Stunning new picture of the Pillars of Creation

If you’ve seen pictures of space, you’ve seen the Pillars of Creation –a set of photogenic columns of cold gas bathed in the light of brand new star formation. Now, 20 years after the iconic 1995 shot was taken, The Hubble has gone back to take a more high definition look.

The new image, taken with a camera installed in 2009, is wider and sharper than before:

These pillars, which stand about 7,000 light years away in the Eagle Nebula, aren’t uncommon formations. They’re made of cold hydrogen and dust, and they’re actually on their way out.

“I’m impressed by how transitory these structures are. They are actively being ablated away before our very eyes. The ghostly bluish haze around the dense edges of the pillars is material getting heated up and evaporating away into space.
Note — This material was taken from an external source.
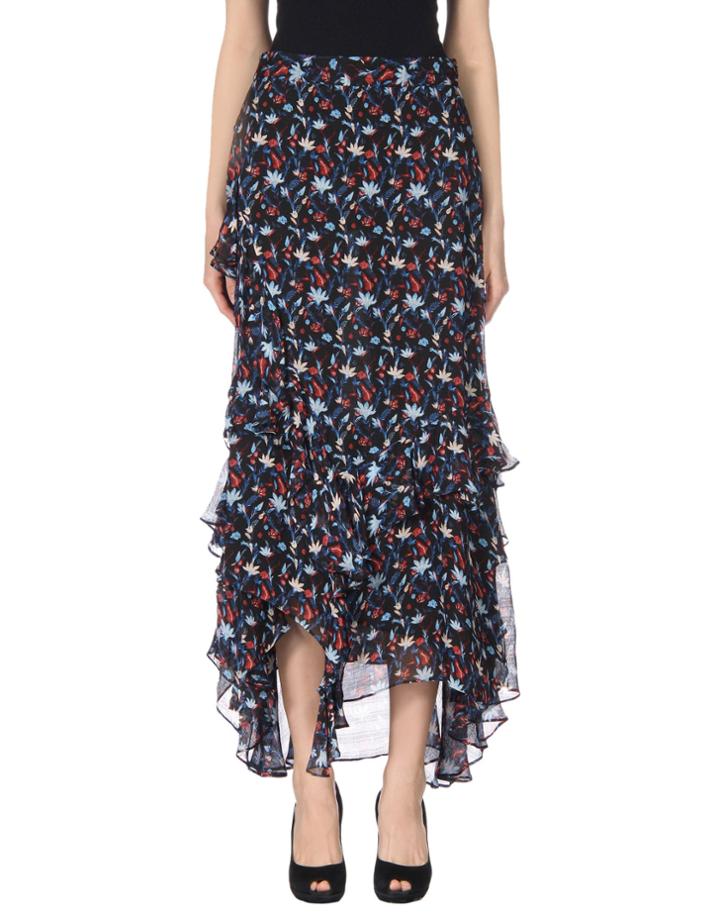 Tanya Taylor Long Skirts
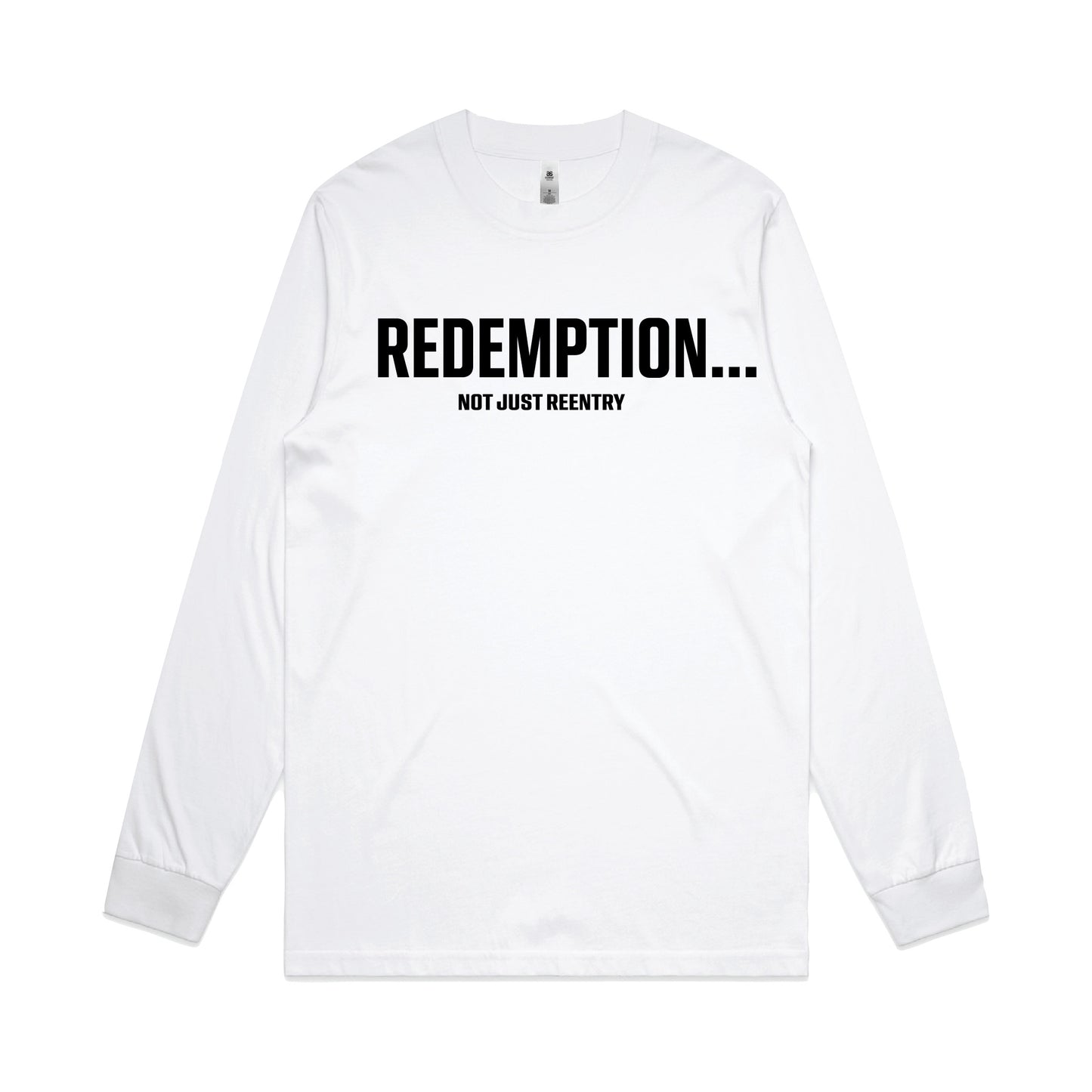 AS Colour Mens Long Sleeve Tee 5056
We have caught these pillars at a very unique and short-lived moment in their evolution,” Paul Scowen of Arizona State University said in a statement. Scowen co-led the original Hubble exploration of the Eagle Nebula.

In addition to the sharp new view, the Hubble caught the Pillars in infrared:

Without gas and dust in the way, we see what the Pillars of Creation are hiding: A hotbed of star birth. From HubbleSite:

The infrared image shows that the reason the pillars exist is because the very ends of them are dense, and they shadow the gas below them, creating the long, pillar-like structures. The gas in between the pillars has long since been blown away by the ionizing winds from the central star cluster located above the pillars.

At the top edge of the left-hand pillar, a gaseous fragment has been heated up and is flying away from the structure, underscoring the violent nature of star-forming regions. “These pillars represent a very dynamic, active process,” Scowen said. “The gas is not being passively heated up and gently wafting away into space. The gaseous pillars are actually getting ionized (a process by which electrons are stripped off of atoms) and heated up by radiation from the massive stars. And then they are being eroded by the stars’ strong winds (barrage of charged particles), which are sandblasting away the tops of these pillars.”

Between 1995 and now, the astronomers report, they’ve seen the lengthening of an object that looks like a jet of light being shot out of the Pillars. They believe this jet — which has traveled at a speed of around 450,000 miles per hour — was ejected from a new star.